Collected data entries
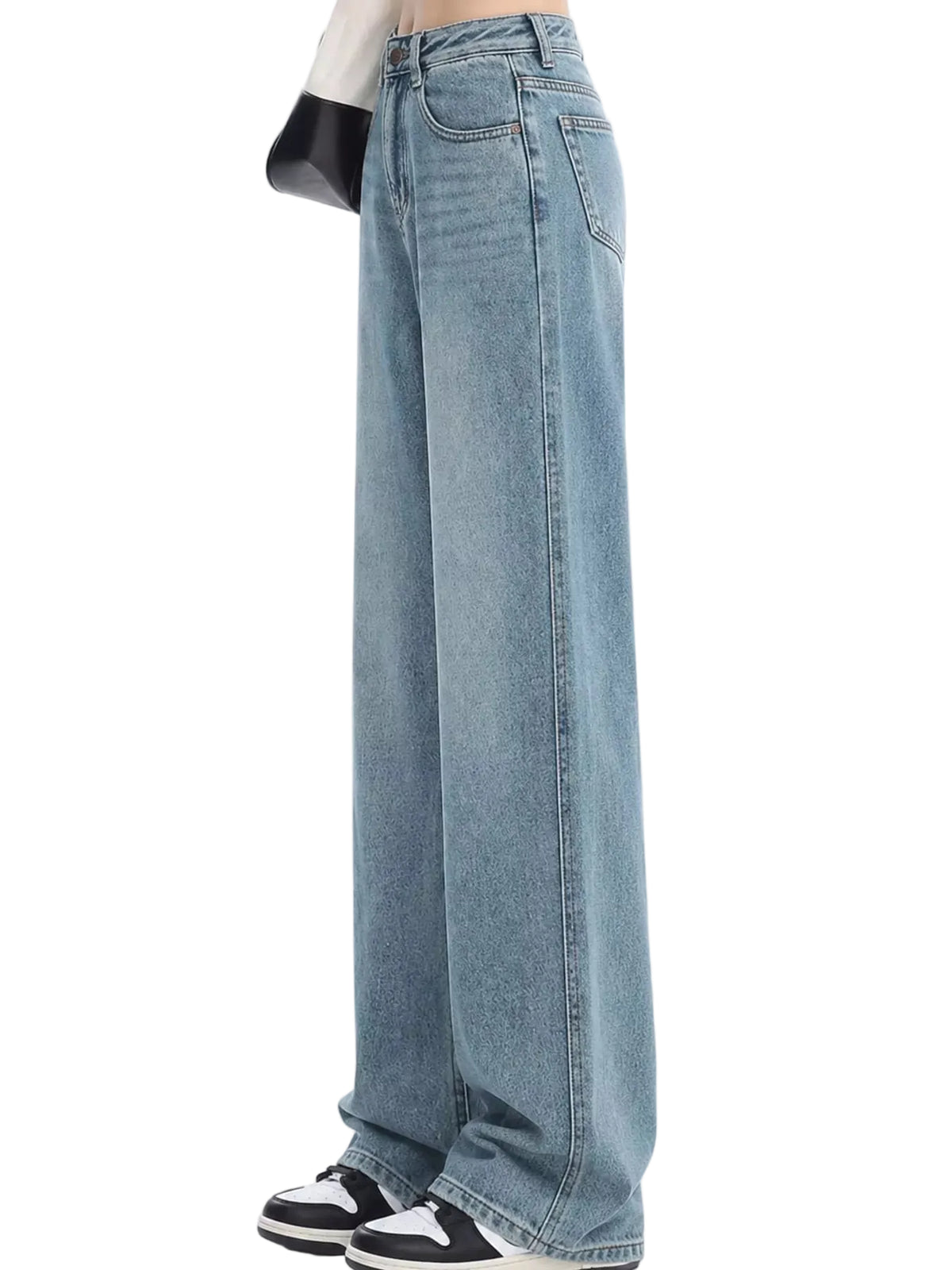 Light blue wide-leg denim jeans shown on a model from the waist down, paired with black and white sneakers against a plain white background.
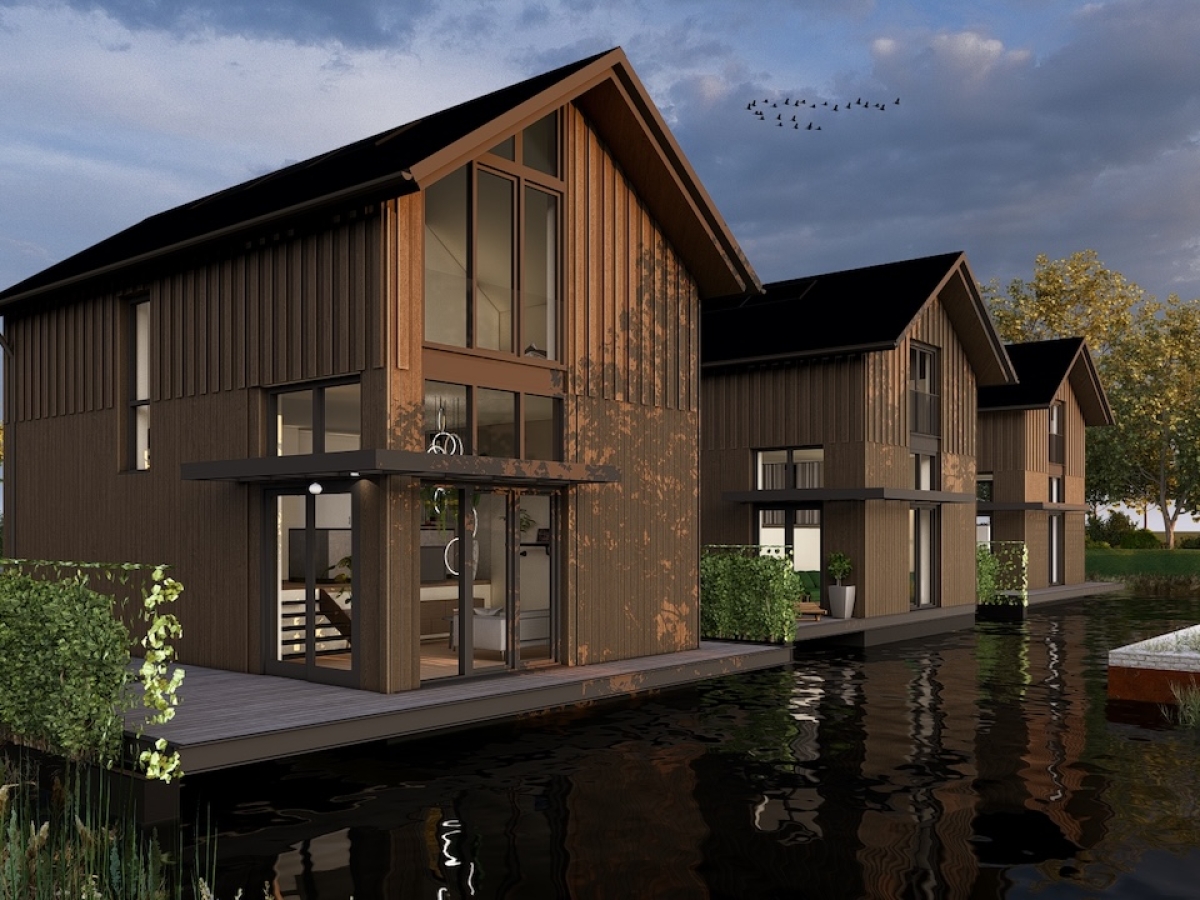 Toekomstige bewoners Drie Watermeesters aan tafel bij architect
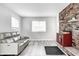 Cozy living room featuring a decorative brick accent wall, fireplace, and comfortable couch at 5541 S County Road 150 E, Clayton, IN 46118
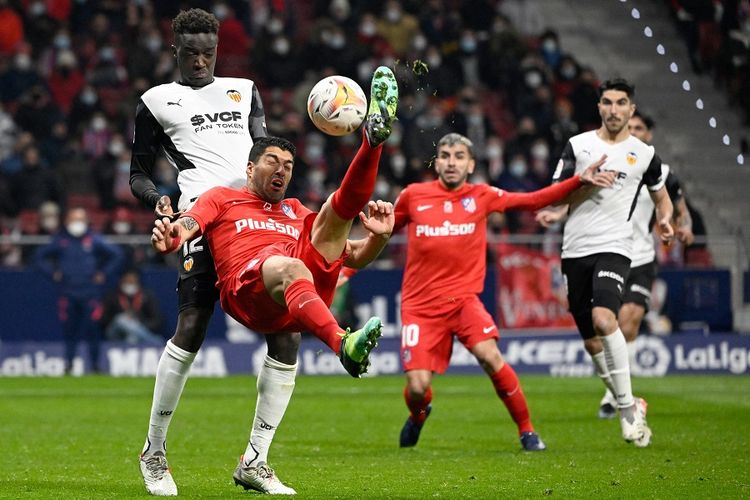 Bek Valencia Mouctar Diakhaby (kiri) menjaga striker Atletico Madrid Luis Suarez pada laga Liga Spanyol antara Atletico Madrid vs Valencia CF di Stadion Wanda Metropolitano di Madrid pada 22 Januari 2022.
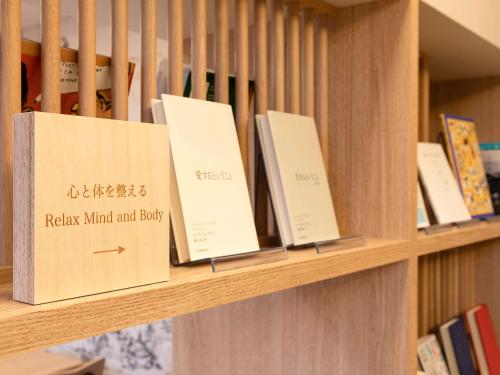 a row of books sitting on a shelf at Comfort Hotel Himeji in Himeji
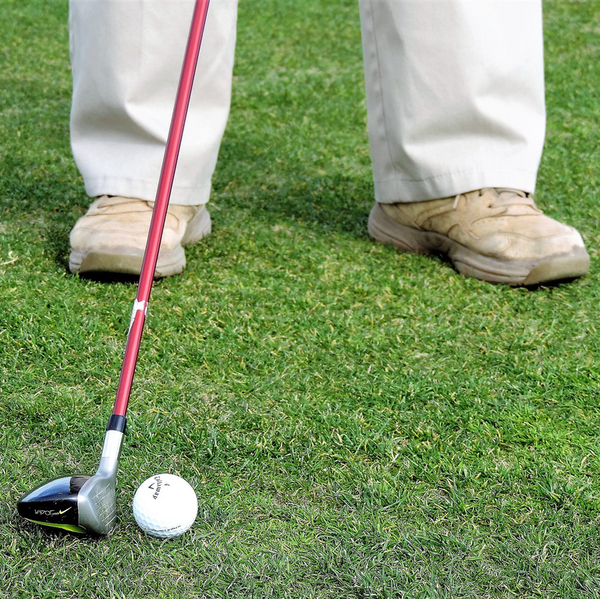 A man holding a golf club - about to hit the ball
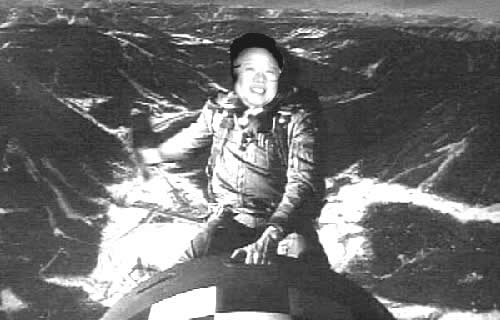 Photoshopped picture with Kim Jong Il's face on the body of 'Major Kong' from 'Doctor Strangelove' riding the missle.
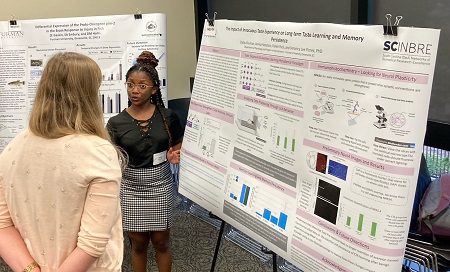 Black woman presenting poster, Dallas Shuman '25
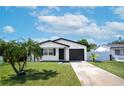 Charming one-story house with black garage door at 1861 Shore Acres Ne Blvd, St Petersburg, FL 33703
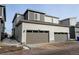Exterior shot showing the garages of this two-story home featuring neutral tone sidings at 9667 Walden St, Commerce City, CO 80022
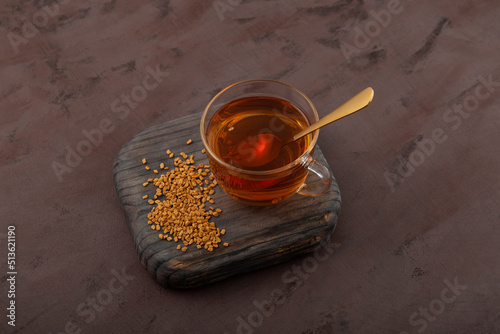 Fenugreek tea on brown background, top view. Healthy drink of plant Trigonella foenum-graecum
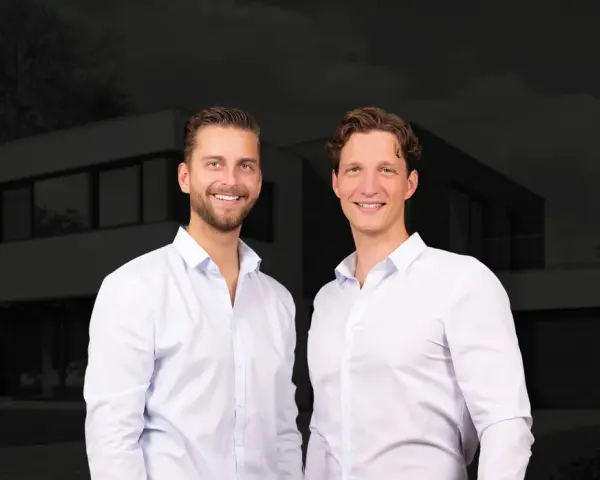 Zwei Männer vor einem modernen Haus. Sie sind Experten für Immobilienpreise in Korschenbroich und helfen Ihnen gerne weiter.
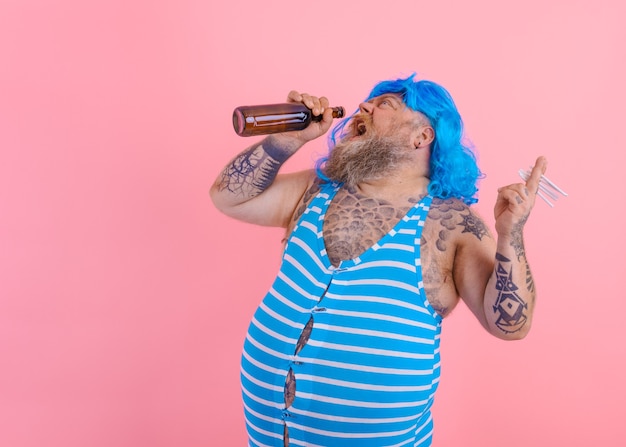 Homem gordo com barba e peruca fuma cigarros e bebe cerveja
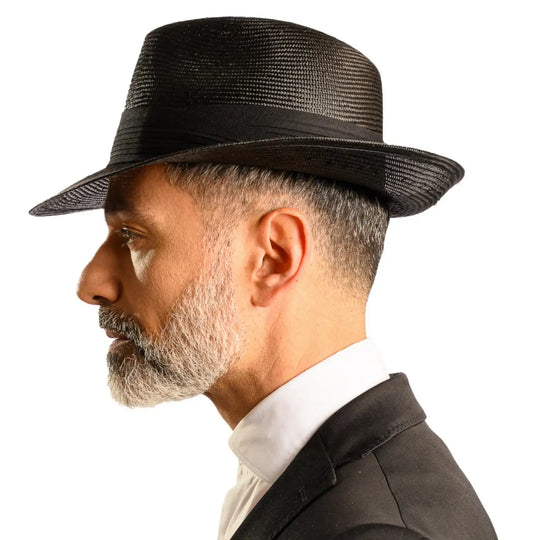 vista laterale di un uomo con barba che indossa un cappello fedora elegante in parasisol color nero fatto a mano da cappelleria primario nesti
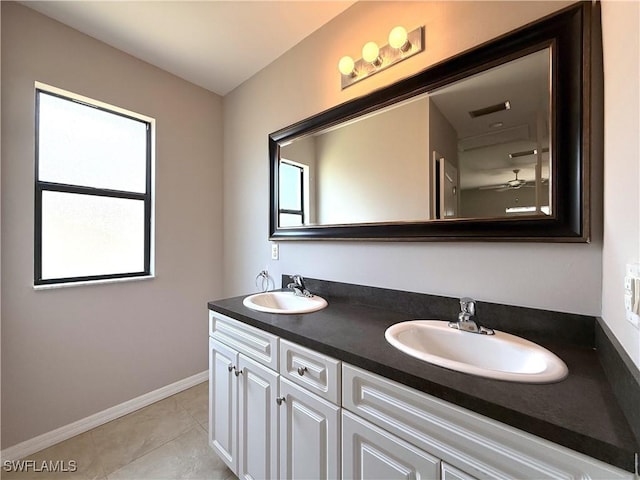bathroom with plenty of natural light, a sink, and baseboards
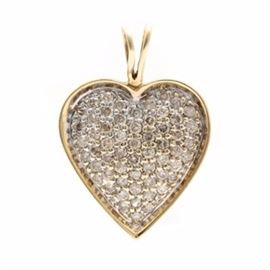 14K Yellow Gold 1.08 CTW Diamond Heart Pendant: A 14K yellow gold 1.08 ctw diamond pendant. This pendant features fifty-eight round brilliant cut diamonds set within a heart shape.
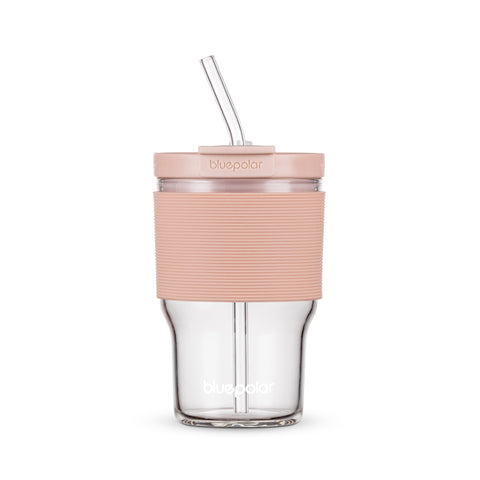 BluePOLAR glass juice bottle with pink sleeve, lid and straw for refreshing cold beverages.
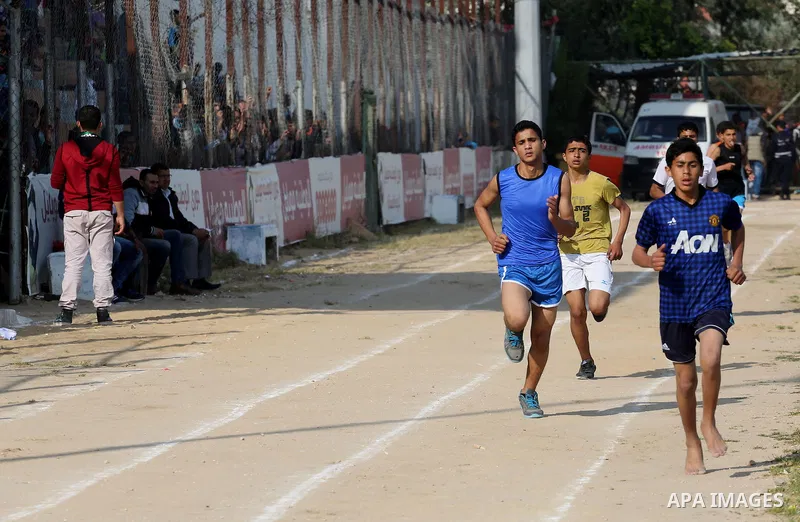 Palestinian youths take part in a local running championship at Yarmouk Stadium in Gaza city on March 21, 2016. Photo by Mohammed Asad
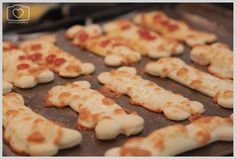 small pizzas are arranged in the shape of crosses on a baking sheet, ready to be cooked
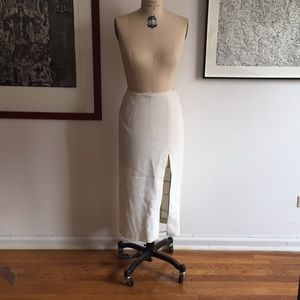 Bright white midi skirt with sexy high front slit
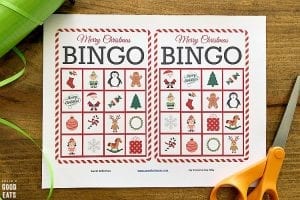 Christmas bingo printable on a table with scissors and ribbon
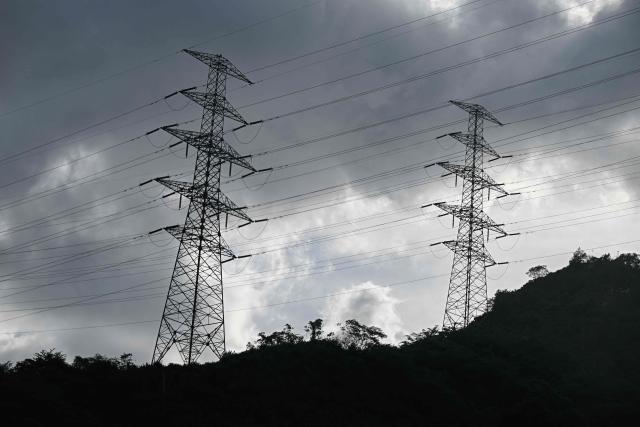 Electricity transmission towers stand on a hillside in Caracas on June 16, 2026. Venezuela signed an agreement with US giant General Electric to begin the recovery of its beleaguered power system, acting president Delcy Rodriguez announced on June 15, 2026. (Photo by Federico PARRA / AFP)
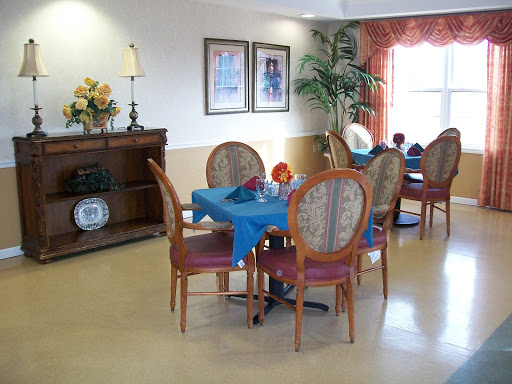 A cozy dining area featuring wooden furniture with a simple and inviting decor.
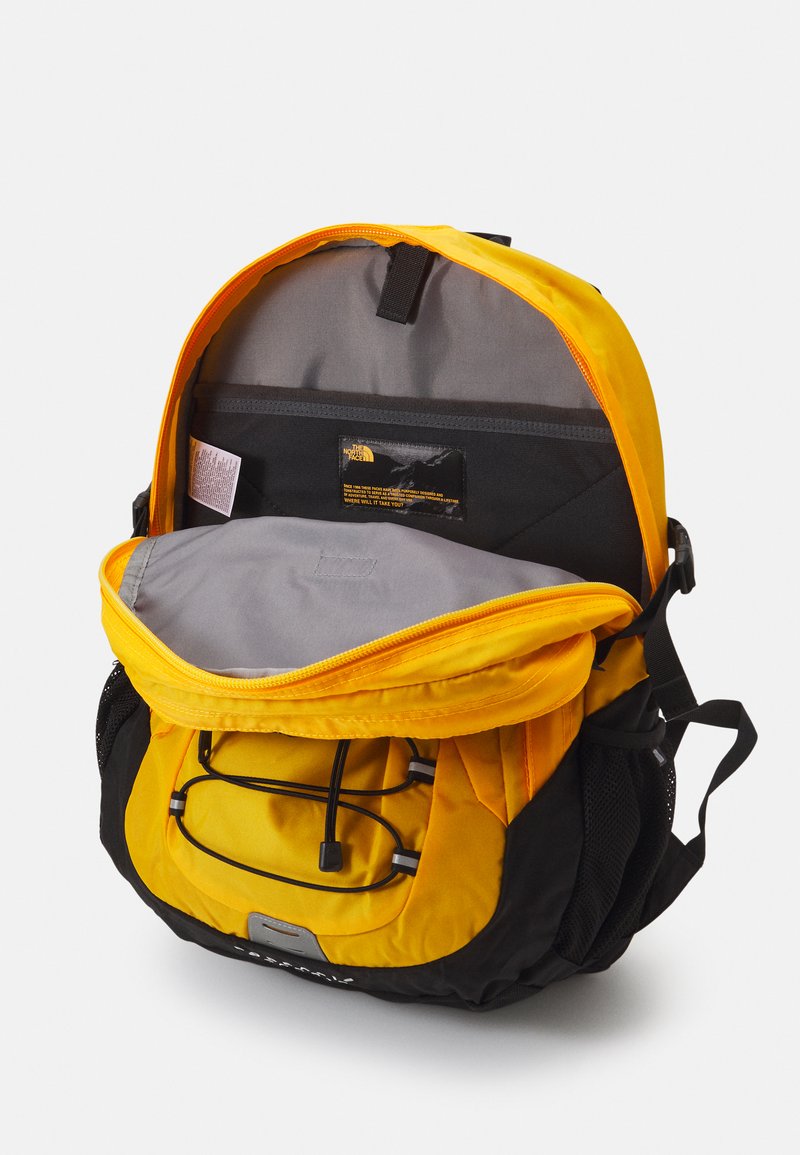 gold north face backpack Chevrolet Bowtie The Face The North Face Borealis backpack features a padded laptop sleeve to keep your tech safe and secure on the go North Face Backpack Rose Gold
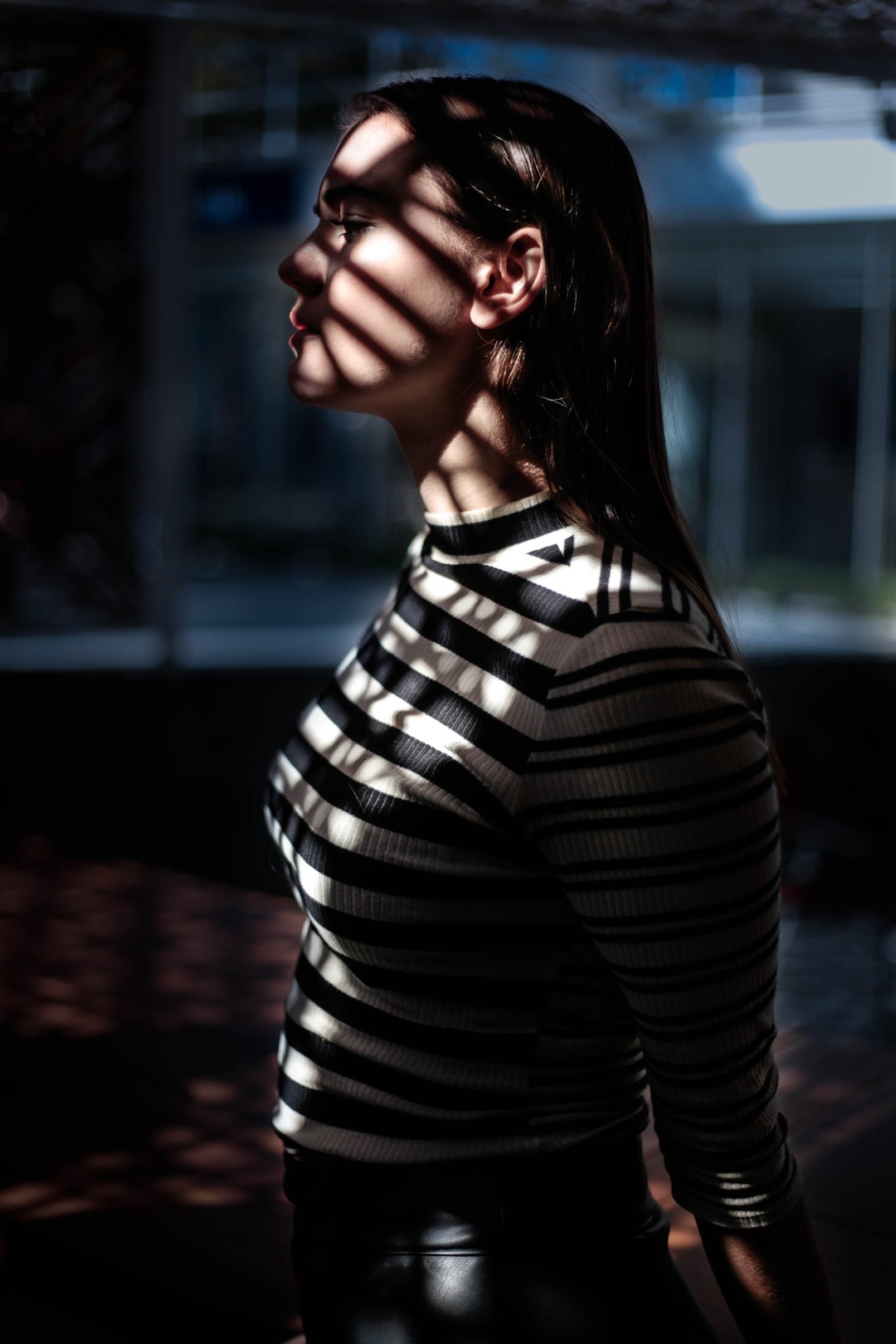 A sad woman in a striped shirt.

## WHAT IS BEING ASKED:
Copy out all of the entries exactly as they stand, with no pictures in your copy.

## OUTPUT:
 Light blue wide-leg denim jeans shown on a model from the waist down, paired with black and white sneakers against a plain white background.
 Toekomstige bewoners Drie Watermeesters aan tafel bij architect
 Cozy living room featuring a decorative brick accent wall, fireplace, and comfortable couch at 5541 S County Road 150 E, Clayton, IN 46118
 Bek Valencia Mouctar Diakhaby (kiri) menjaga striker Atletico Madrid Luis Suarez pada laga Liga Spanyol antara Atletico Madrid vs Valencia CF di Stadion Wanda Metropolitano di Madrid pada 22 Januari 2022.
 a row of books sitting on a shelf at Comfort Hotel Himeji in Himeji
 A man holding a golf club - about to hit the ball
 Photoshopped picture with Kim Jong Il's face on the body of 'Major Kong' from 'Doctor Strangelove' riding the missle.
 Black woman presenting poster, Dallas Shuman '25
 Charming one-story house with black garage door at 1861 Shore Acres Ne Blvd, St Petersburg, FL 33703
Exterior shot showing the garages of this two-story home featuring neutral tone sidings at 9667 Walden St, Commerce City, CO 80022
 Fenugreek tea on brown background, top view. Healthy drink of plant Trigonella foenum-graecum
 Zwei Männer vor einem modernen Haus. Sie sind Experten für Immobilienpreise in Korschenbroich und helfen Ihnen gerne weiter.
 Homem gordo com barba e peruca fuma cigarros e bebe cerveja
 vista laterale di un uomo con barba che indossa un cappello fedora elegante in parasisol color nero fatto a mano da cappelleria primario nesti
bathroom with plenty of natural light, a sink, and baseboards
 14K Yellow Gold 1.08 CTW Diamond Heart Pendant: A 14K yellow gold 1.08 ctw diamond pendant. This pendant features fifty-eight round brilliant cut diamonds set within a heart shape.
 BluePOLAR glass juice bottle with pink sleeve, lid and straw for refreshing cold beverages.
 Palestinian youths take part in a local running championship at Yarmouk Stadium in Gaza city on March 21, 2016. Photo by Mohammed Asad
 small pizzas are arranged in the shape of crosses on a baking sheet, ready to be cooked
 Bright white midi skirt with sexy high front slit
 Christmas bingo printable on a table with scissors and ribbon
 Electricity transmission towers stand on a hillside in Caracas on June 16, 2026. Venezuela signed an agreement with US giant General Electric to begin the recovery of its beleaguered power system, acting president Delcy Rodriguez announced on June 15, 2026. (Photo by Federico PARRA / AFP)
 A cozy dining area featuring wooden furniture with a simple and inviting decor.
 gold north face backpack Chevrolet Bowtie The Face The North Face Borealis backpack features a padded laptop sleeve to keep your tech safe and secure on the go North Face Backpack Rose Gold
 A sad woman in a striped shirt.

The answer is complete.